[tei-council] genetic draft -- responses to responses, pt. 1
Lou Burnard
lou.burnard at retired.ox.ac.uk
Mon Sep 5 12:35:59 EDT 2011
On 03/09/11 23:49, Brett Barney wrote:
>
> I've reviewed the Whitman manuscript images and reprocessed the ones that
> seemed would benefit. In the case of Fig. 4, I've located and processed a
> couple of alternative images that might be better (clearer, perhaps more
> compact). The zip package is available at
> http://www.whitmanarchive.org/downloads/genetic_figures.zip
That's really helpful -- many thanks Brett (and Ken)!
Still need some more better examples though...
>>>> "Alternatively, if the transcription is intended to do no more than
>>>> represent the physicality of the document itself . . . ."
>>>
>>> Several things about this phrase puzzle me.
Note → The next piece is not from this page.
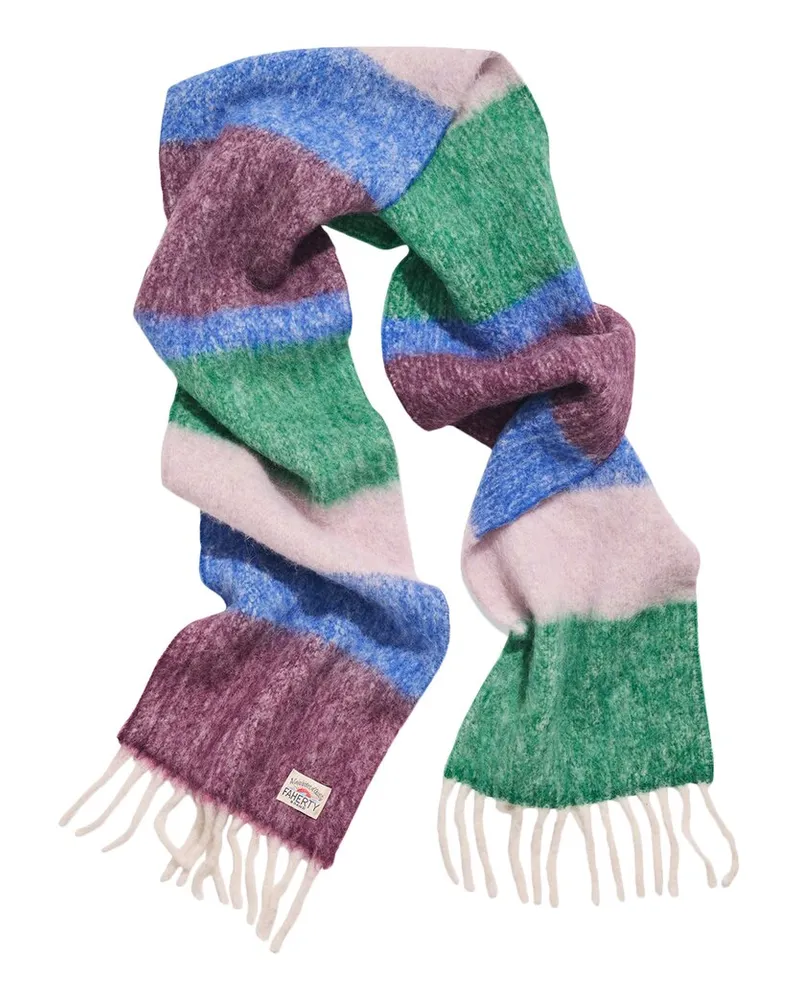 Faherty Block Stripe Alpaca-Blend Scarf Nocolor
Why "no more than"? The
> idea
>>> that a transcription might represent physicality strikes me as at least
>>> recondite--I'm not sure what to make of it without some unpacking
Maybe "prioritize" would be better than "do no more than"?
>
> Here's the best I could come up with at the moment: "Alternatively, if the
> transcription is intended to represent the physical arrangement of the
> __________ [text? inscribed marks? writing?]"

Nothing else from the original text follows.